<ケンジ>
わが家は8階建てマンションの最上階にあります。
このため、ワンちゃんを飼う前から、落下防止対策を考えていました。
といってもすべてやったのはカミさんで、
私はといえば、温かく見守っていただけでした(なんという)。
実際、マロンをわが家に迎えたときも、カミさんが1人でテラスのすき間に
金網をはり、落下防止対策を施したのです。ホント、エライ、すばらしい。
ただ1か所、マンションの避難通路になるお隣さんとの扉には、
防犯上? 緊急避難用ということで、金網を施すことはできません。
とはいえ、マロンもモカも、どうやっても下を通り抜けることはできないため、
心配してはいませんでした。

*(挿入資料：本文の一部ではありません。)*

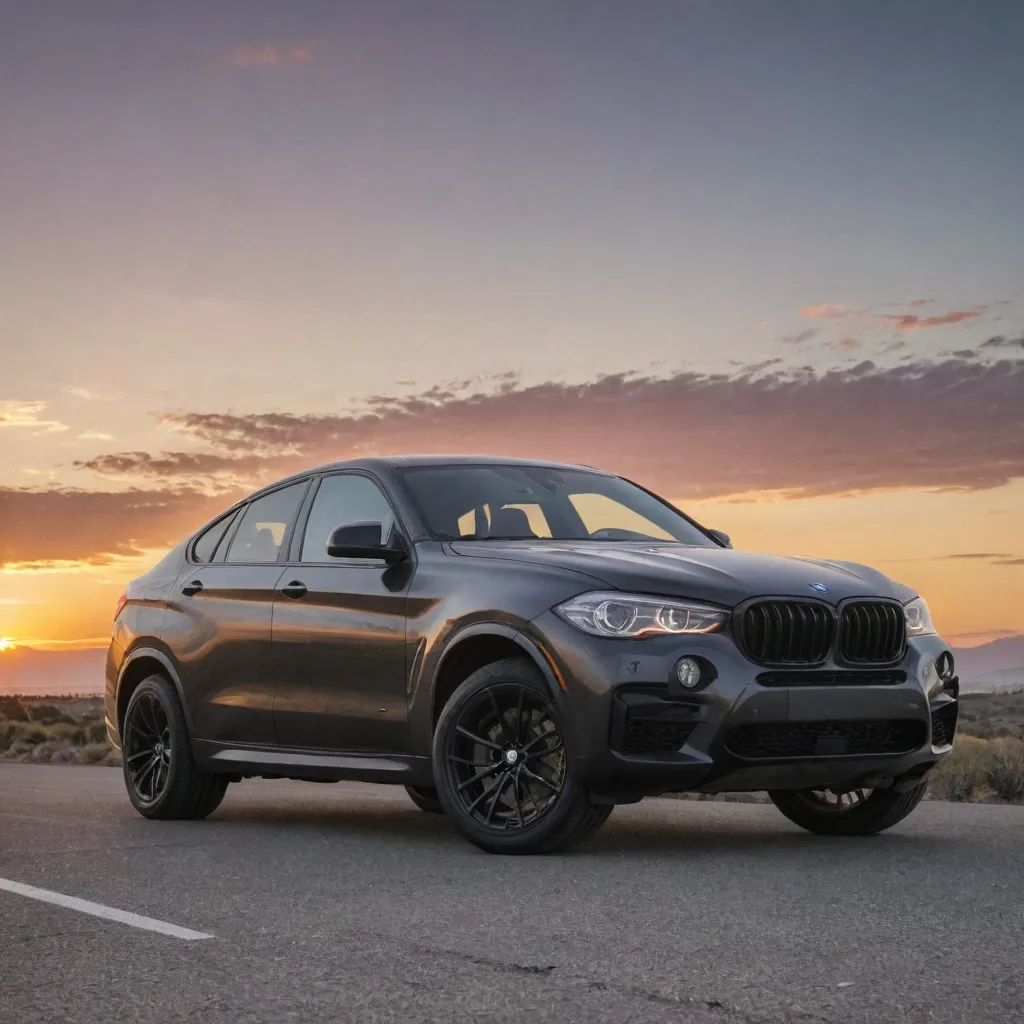 Respect the X6 Legacy: Avoid Radical Modifications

そう、ミルクが来るまでは......。
ミルクは、ミニチュア・ダックスフンド。いまでこそ大きくなったので
すき間をすり抜けることは不可能になりましたが、
飼い始めたころは、もうそれは簡単にスルー。おかげでいつもヒヤヒヤ。
それでもまさか、実際に通り抜けることがあるとは思ってもいなかったのです。
ある日、ピンポンという呼び鈴とともに、玄関に人の気配。
私もカミさんも誰だろう? と思い出てみると、そこにはお隣さんに抱えられた
ミルクの姿が...。そしてひと言、「うちに来てました」。
もう、私もカミさんも平身低頭。確かにミルクの姿が見えなかったのは事実。
しかし、家のどこかにいるのだろうなぁ、なんて軽く考えていたのですが......。
なぜお隣に行ったかといえば、実はお隣さんがかわいいチワワを飼ったため。
イヌ好きのミルクは、チワワちゃんにひかれて行ってしまったのです。
それからというもの、ミルクが行きそうになると、「ミルク!」と怒り、
この事件はとりあえず一度だけですみました。
いまでは身体が大きくなったので通り抜けができなくなりましたが、
本当にこのときは恥ずかしかったです。